Real Scientists is in the US this week with Brittany Jack (@bmichellej87), an NSF Graduate Research Fellow at the University of Kansas Medical Center working in the Avasthi Lab in the Anatomy and Cell Biology Department.
Welcome to Real Scientists! Can you tell us a bit about how you got to where you are now?
My path into science is not traditional, I originally went to college with hopes of owning my own wedding planning business. As we all know, life has a funny way of leading you in the right direction. Growing up my grandmother suffered from rheumatoid arthritis and was always taking medications. I remember wondering, how our bodies could process and use pharmaceuticals. I found this curiosity to be my true passion and began to explore career opportunities that would allow me to satisfy this curiosity. My thought was that I would go to Pharmacy school but to my surprise, a requirement for my undergraduate degree was research experience. To satisfy this requirement, I was involved in several research projects as an undergrad including work in my current lab. Throughout several internships and work with professors at Rockhurst University, I found I LOVED being in the lab, working at the bench, and synthesizing new ideas. After a long time of searching, I knew this was the job for me and applied to graduate school.

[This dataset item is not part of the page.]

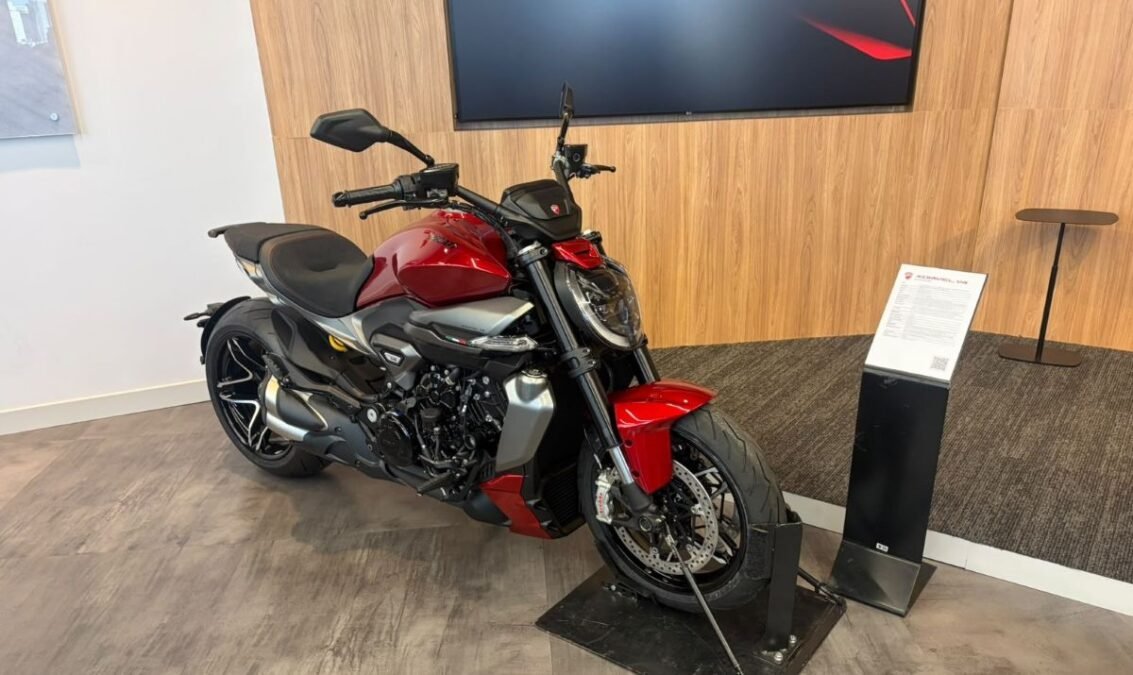 Ducati agora equipa a XDiavel V4 com motor derivado da MotoGP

What does your lab work on, and how did you get started?
We study the kinetics and regulation of cilia assembly and cytoskeletal dynamics using Chlamydomonas reinhardtii (a type of green algae) as our model organism. When I first joined my lab as an undergraduate, I had never heard of Chlamydomonas reinhardtii . My mentor, Dr. Prachee Avasthi, was so excited about the research that her enthusiasm was contagious. When people ask why I chose to work on Chlamy (as we like to call them), I like to say it chose me! I knew from the moment I met Dr. Avasthi that she was the perfect mentor for me and from there I began to learn everything about Chlamy. The more I learned, the more curious I became about how these sensory antennas assemble. The excitement of new discoveries in these single celled green algae keep me motivated.
What is your research studying specifically?

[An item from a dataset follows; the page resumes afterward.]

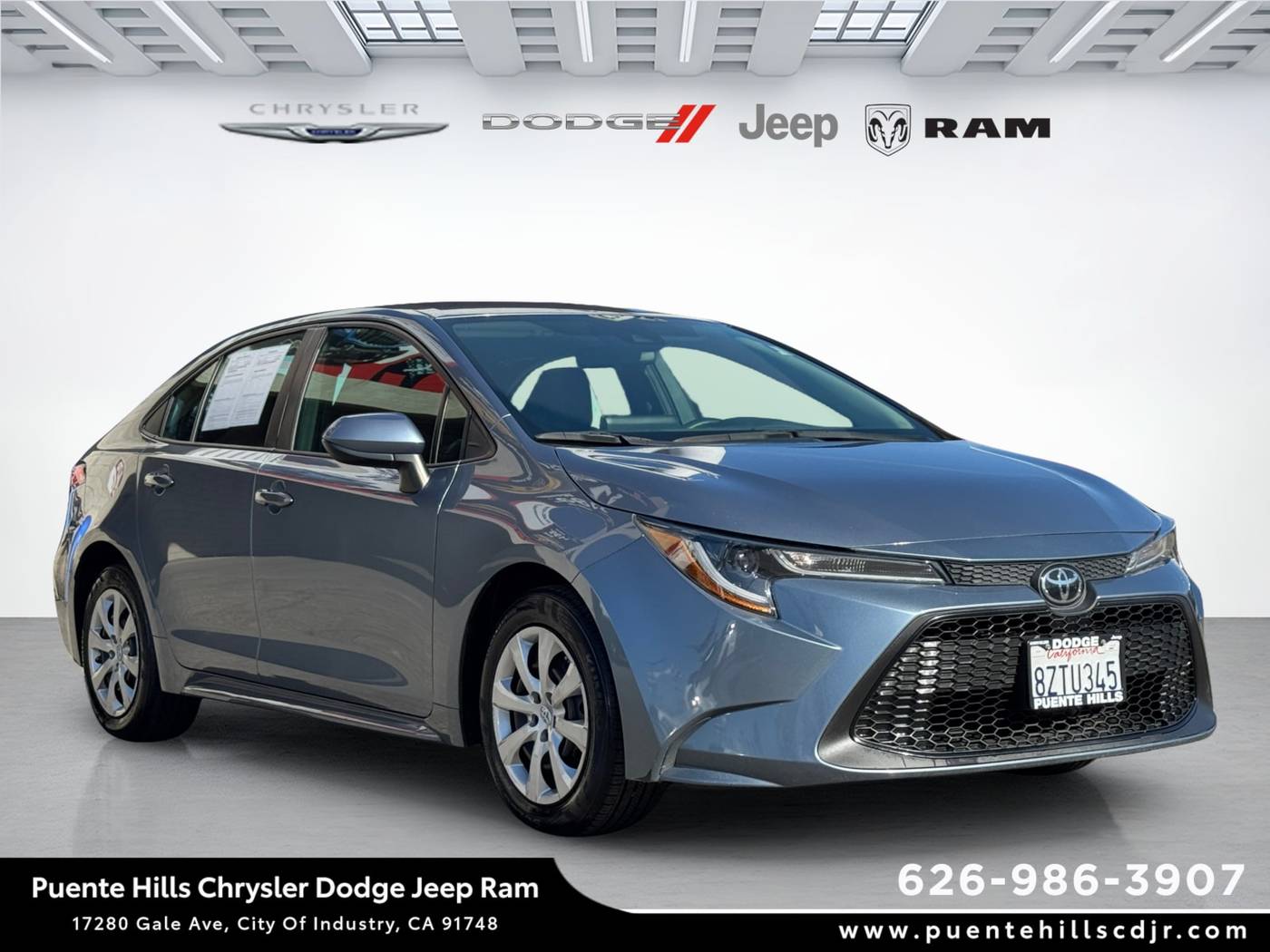 2022 Toyota Corolla LE — Sedan — 57,765 mi — City of Industry, CA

Nearly all of the cells in the human body have an antenna-like structure called a cilia. Our cells use this “antenna” for movement, movement of fluids, and for sensing signals outside the cells. Using our model organism, Chlamydomonas reinhardtii, we can study the assembly and kinetics of this structure. My research centers around understanding the role of actin, a component thought to play a role in the assembly of this structure, in ciliary assembly. We have new and exciting data we are working on finishing up! If you would like to read more, please follow this link to the pre-print. https://www.biorxiv.org/content/early/2018/12/03/227553
What do you want people to know about Chlamy and your work?
Everyone has cilia on their cells and defects in this structure can cause many diseases, termed ciliopathies. While, my current research is not trying to answer disease-related questions, the biological questions we are asking will help us and many others understand possible avenues to try and treat people with such diseases.

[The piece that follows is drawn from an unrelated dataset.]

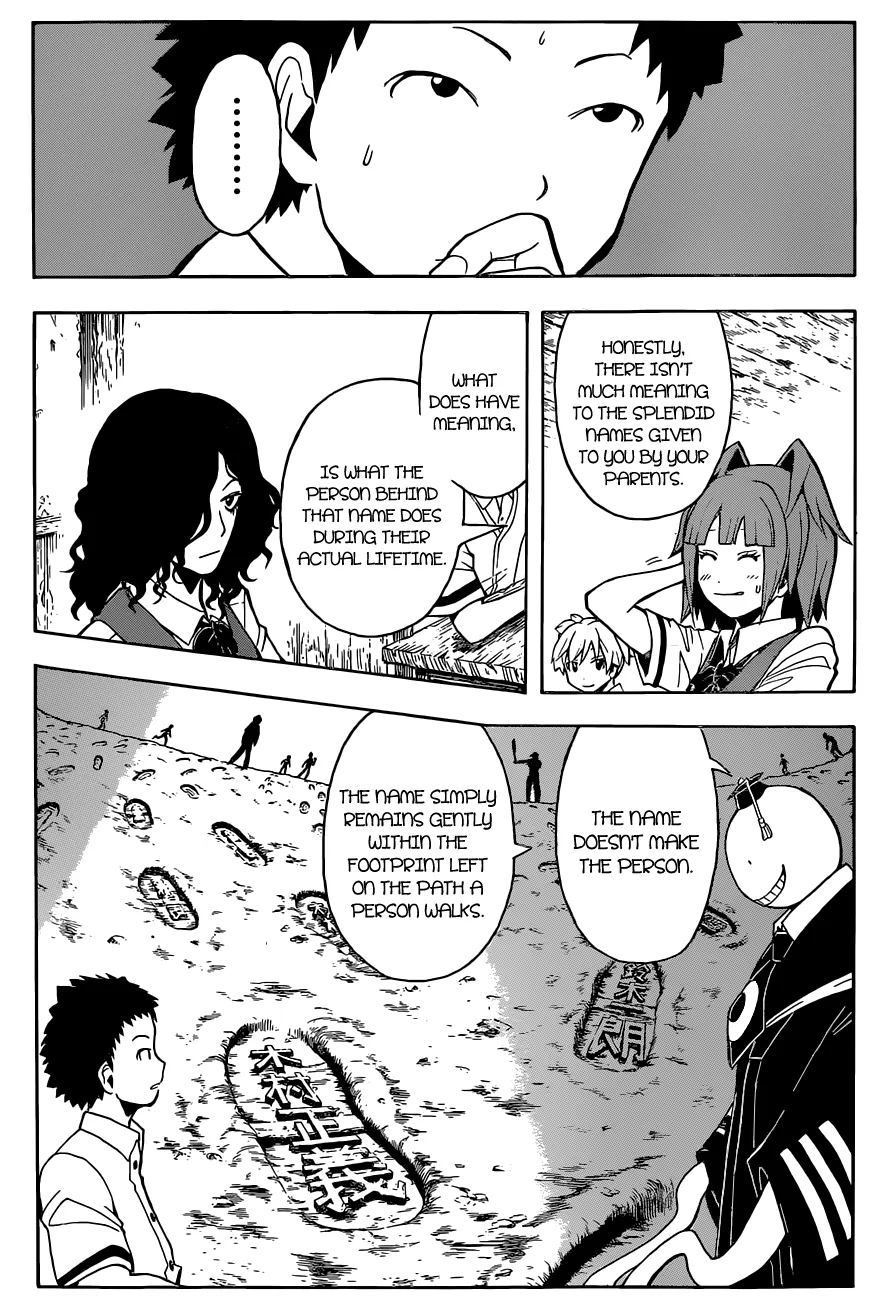 Assassination Classroom β Chapter 89 β Page 17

Super cool! What do you do when you’re not in the lab?
In May of last year, two of my classmates and I founded @GradStudentSlack and we are humbled by how this community has grown in such a short time and are continuously reminded that the graduate student community across the world is very supportive. I love music and spending time with people I love! So, if I have some free time you will likely find me at a concert. If not I am usually spending time with husband, pets and friends. The most interesting thing about me probably is that I have a pet pig! His name is Henry! Along with Henry, my husband and I have 2 dogs and 1 cat. Also, I love to travel so tweet to let me know your favorite places!
What does a perfect day off look like for you?
Wake up as the sun rises and enjoy a cup of coffee, watch the news, go to breakfast, go somewhere new and exciting (in town or within a short day trip distance), and end up at dinner with my husband and friends or at a concert!
Welcome to Real Scientists, Brittany Jack!